Skip the pictures, please, and write out exactly every line from the one containing "Circular beer label" through the end of the listing below.
START INPUT FOR THIS TASK
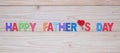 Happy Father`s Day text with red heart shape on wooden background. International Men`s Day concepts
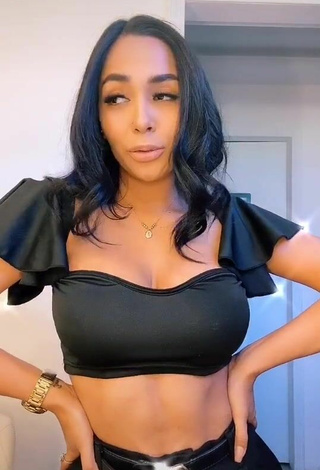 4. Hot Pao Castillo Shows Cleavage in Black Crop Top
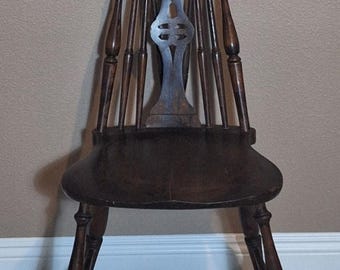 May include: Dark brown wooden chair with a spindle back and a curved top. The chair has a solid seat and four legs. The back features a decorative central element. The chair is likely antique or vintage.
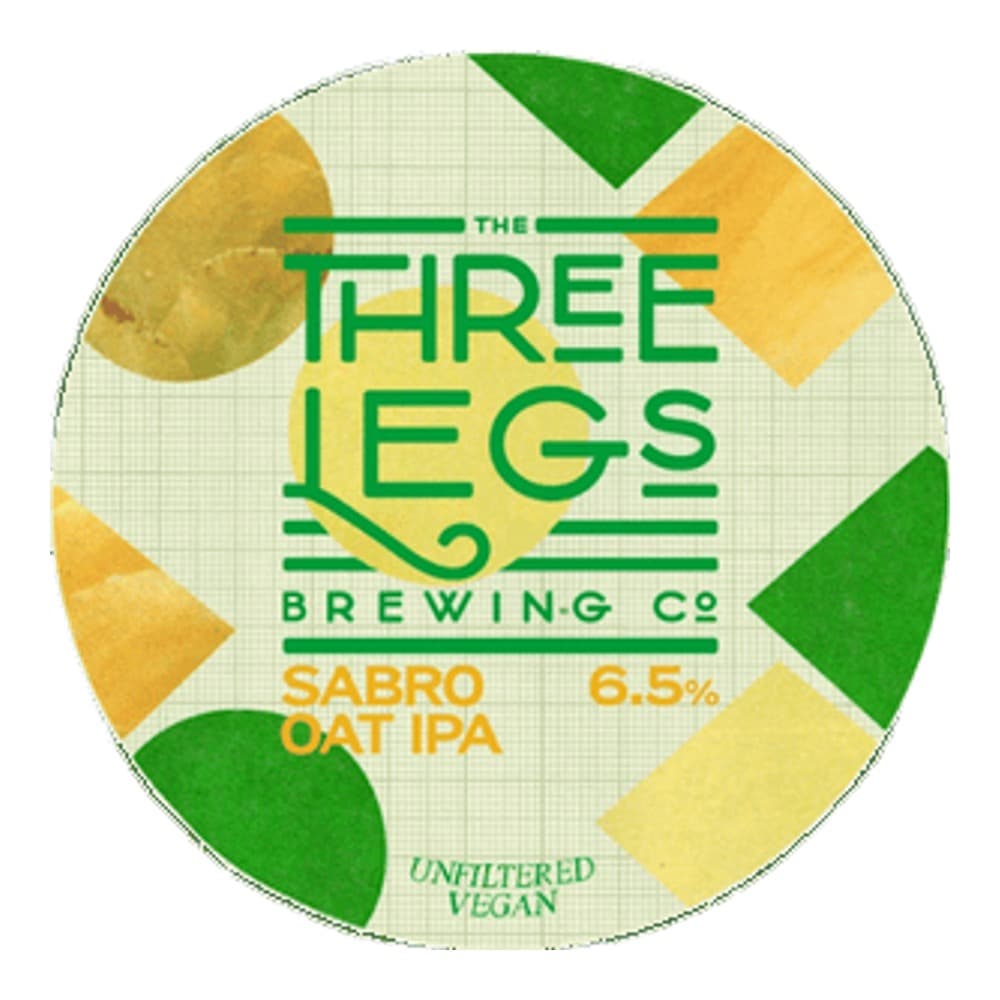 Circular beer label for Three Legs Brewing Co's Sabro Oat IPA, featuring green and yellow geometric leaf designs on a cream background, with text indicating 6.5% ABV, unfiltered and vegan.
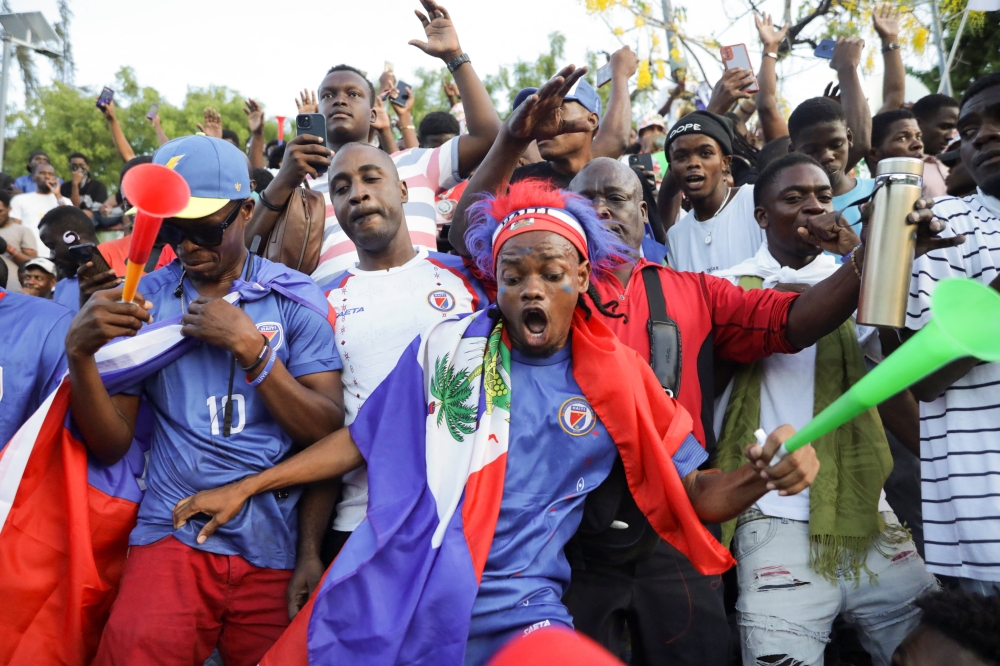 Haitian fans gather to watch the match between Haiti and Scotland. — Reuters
END INPUT FOR THIS TASK
**RESULT:**
 Circular beer label for Three Legs Brewing Co's Sabro Oat IPA, featuring green and yellow geometric leaf designs on a cream background, with text indicating 6.5% ABV, unfiltered and vegan.
 Haitian fans gather to watch the match between Haiti and Scotland. — Reuters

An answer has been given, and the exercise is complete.